A reader writes:
Another issue that is starting to arise outside of your writing is the
future of food production. I would like you to consider how your view
of future urban areas would interact with increasing commodity prices
for basic food stuffs. Northern to central Virgina is an interesting
case in point. There is a vibrant rural community, filled with local
food-growing ex-urban dwellers. In the late 90's up to this
crash, they were competing with Mc-mansions for land. Can these
extended regional urban/suburban/rural areas continue? Or will the
increases in prices on food commodities further separate urban and
rural as the need to increase productive yield becomes the only value
of rural farm land?
I asked
Betsy Donald, a geographer at Queens University who has done extensive research on the
creative food economy, about this.
The creative
food economy has profound implications for sustainable economic development
because place and providence become central to quality food making, marketing
and lifestyle. Food, unlike any other commodity on the planet, is intimate: we
eat it and therefore how we eat it has implications for a host of policy related
issues around job creation, health, hunger, ecosystem protection, carbon
footprint, labor practices, cultural awareness and diversity.

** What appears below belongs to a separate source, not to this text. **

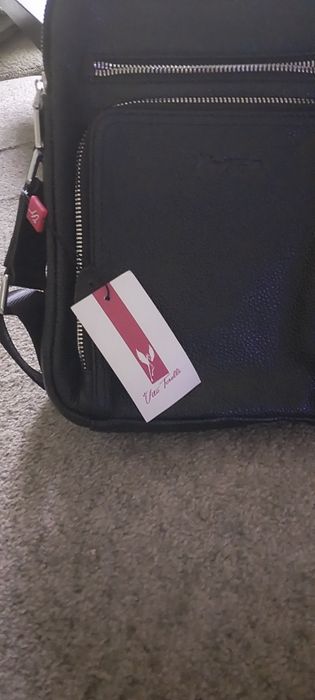 Продам новую мужскую сумку.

There is a huge movement toward preserving prime
farmland on the urban fringes through efforts to resolarize the farm, but also a
budding trend toward urban gardening. Recall during World War II that 40 percent
of produce consumed in America came from private "Victory Gardens." Now these
urban gardens are making a comeback - with more attention paid to organic and
diverse food production (think Michelle Obama's White House Garden) and San
Francisco's recent veggie planting on the grounds of City Hall. In Seattle, a
local program offering public gardening plots has 6,000 plots assigned and a
waiting list of 700 people - an aspect of the food economy that integrates local, organic and ethnic
food production.
Some of this creative food production draws on more
traditional farming practices, but much of it also challenges it by
calling for more sustainable forms of food production that reduces the
need for both fertilizers and pesticides and cleverly used polycultures
to produce large amounts of food from little more than soil, water and
sunlight (as is going on in Argentina and Brazil). It calls for a more holistic vision of the food economy that views
food as a prism through which we can explore the scope and complexity of many of
our most pressing economic, social and ecological issues.
She's on to something. The demand for higher-quality food - both from individual consumers and from restaurants - is already leading to a tighter, more organic, higher-quality food supply chain. Adding creativity, so to speak, to food production will increase its value; we'll pay more for it, and that will make this kind of food production economically more viable. Who knows? Perhaps the economics will someday enable the remaking and reuse of declining ex-urbs as centers of more vital, higher-end, creative farming communities.